The rifle used a conical-cylindrical soft lead bullet, slightly smaller than the barrel bore, with three exterior grease-filled grooves and a conical hollow in its base. When fired, the expanding gas forcibly pushed on the base of the bullet, deforming it to engage the rifling. This provided spin for accuracy, a better seal for consistent velocity and longer range, and cleaning of barrel detritus.
Before this innovation, the smoothbore musket commonly using the buck and ball was the only practical field weapon. Rifled muskets had been in use since the Renaissance, but they required hammering projectiles with a ramrod and mallet into the bore of the barrel, and also created considerable cleaning problems. The short-lived "carabine à tige" system used a pin at the bottom of the barrel which deformed the bullet against the wall of the barrel when the bullet was pushed to the bottom. This system was very problematic for cleaning, especially with the black powders of the period.
The Minié rifle used a percussion lock and weighed 10 lb 9 oz (4.8 kg). Having a reasonable accuracy up to 600 yards (550 metres), it was equipped with sights for effective aiming. The hollow-based bullet was of .702 inch (17.8 mm) calibre, and weighed 500 grains (32.4 g). It could penetrate 4 inches (10 cm) of soft pine at 1,000 yards (918 m).
A test in Vincennes in 1849 demonstrated that at 15 yards the bullet was able to penetrate two boards of poplar wood, each two-thirds of an inch thick and separated by 20 inches. Soldiers of the time spread rumors that at 1,200 yards the bullet could penetrate a soldier and his knapsack and still kill anyone standing behind him, even killing every person in a line of 15.

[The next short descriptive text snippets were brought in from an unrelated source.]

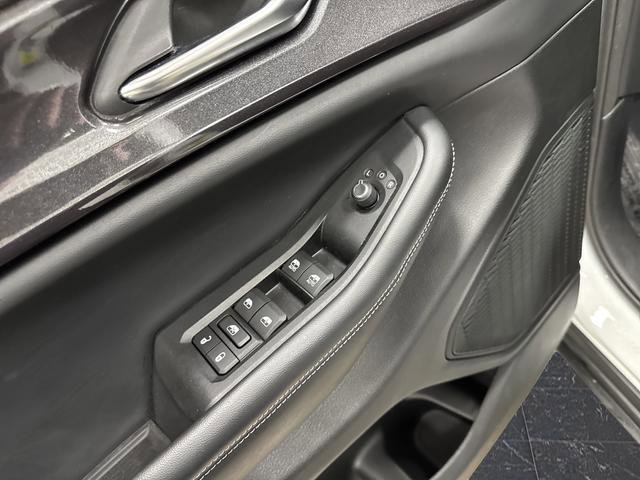 Used 2023 Jeep Grand Cherokee L Laredo image 24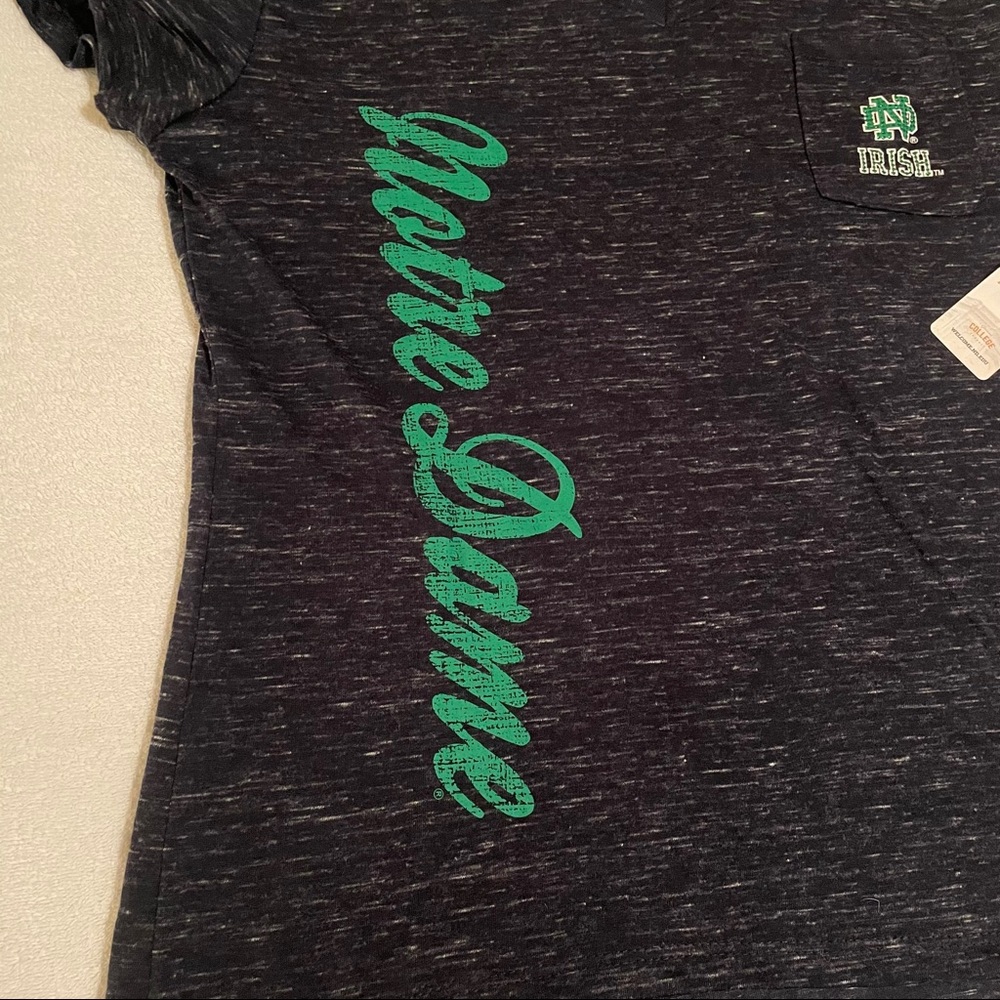 Notre Dame Wmn’s NWT med. tee w/rhinestones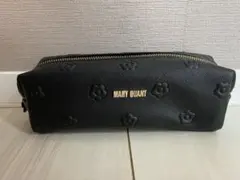 MARY QUANT シンプルエンボスデイジー スクエアペンケース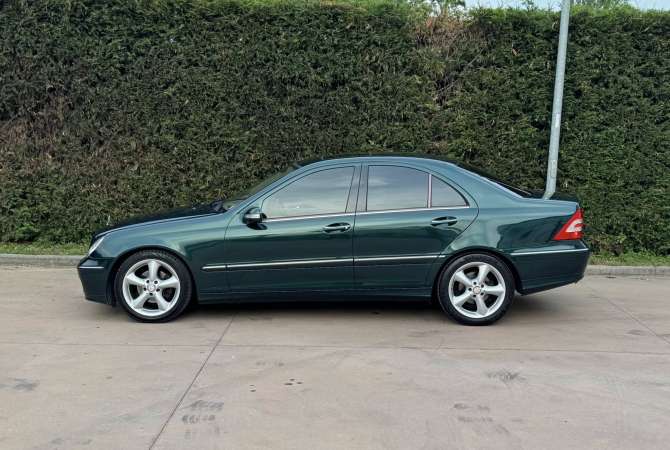 Makina ne shitje  ne Tirane - 5,200 Euro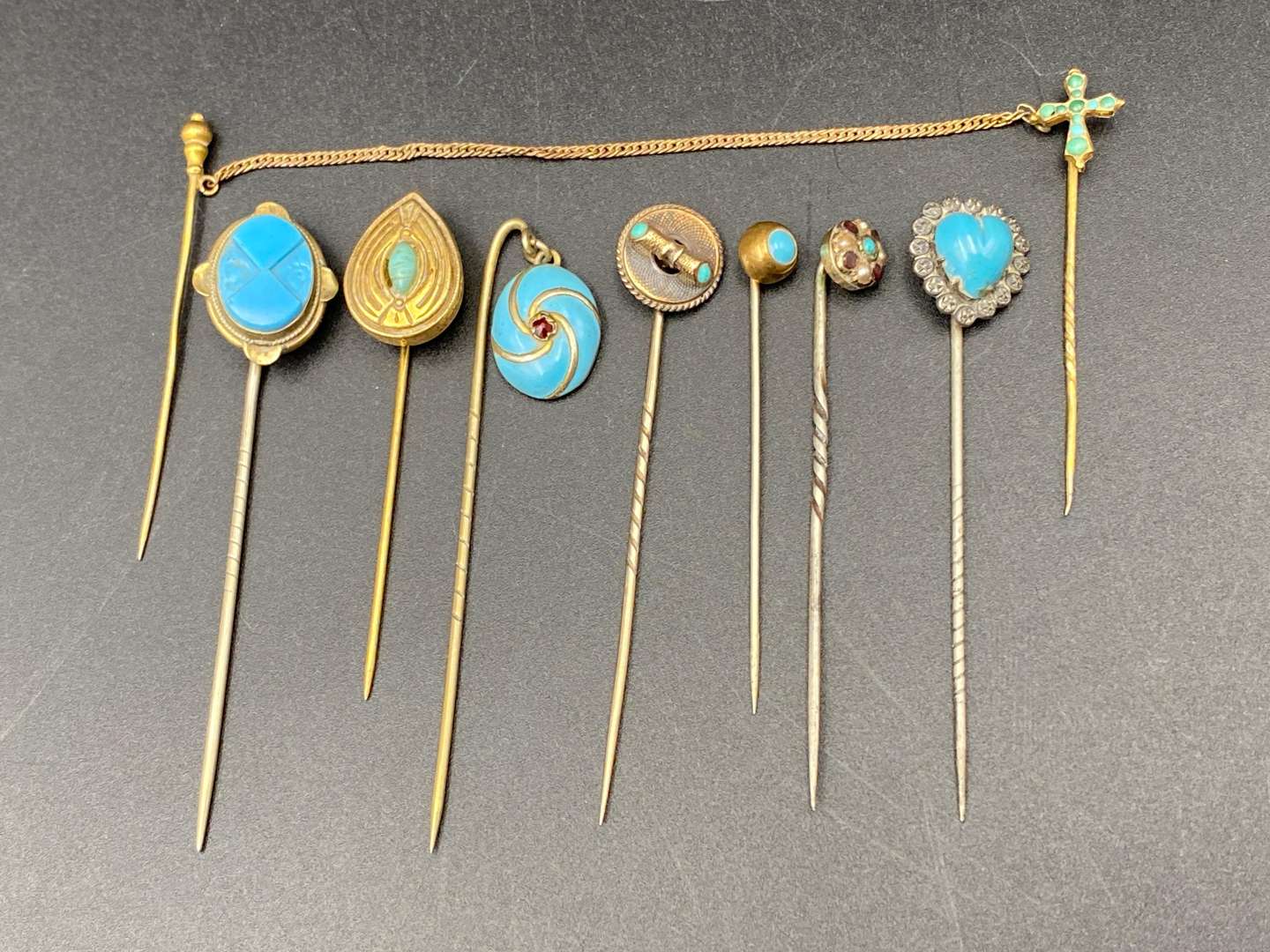 <p>STICK PINS X 7</p>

The Minié rifle saw limited distribution in the Crimean War and similar rifles using Minié bullets (such as the Pattern 1853 Enfield, the Springfield Model 1861 and the Lorenz rifle) were the dominant infantry weapons in the American Civil War. The large-caliber, easily deformed conical lead bullets, ranging in diameter from .54 to .58 inches (14-18mm), combined with the high-speed spin from the rifling, created terrible wounds.
The Pattern 1851 Minié rifle was in use by the British Army from 1851 to 1855. The Minié system was also used extensively by various manufacturers, such as Springfield (the Springfield Model 1861) and Enfield (the Pattern 1853 Enfield).
Minié rifles were also used extensively in the Boshin War (1868-1869) in Japan, where they had an important role in tipping the balance against the Tokugawa forces in encounters such as the Battle of Toba-Fushimi.
The muzzle-loading Minié rifle became obsolete in 1866 following the defeat of the Austrians, equipped with this type of rifle, against the Prussians, who had the innovative bolt-action Dreyse rifles. In France, the existing Minié rifles were then retooled to accommodate a breech-loading mechanism reminiscent of a snuff box, and became known as Tabatière (snuff-box) rifles. Soon after, the breech-loading Chassepot system was adopted by the French army.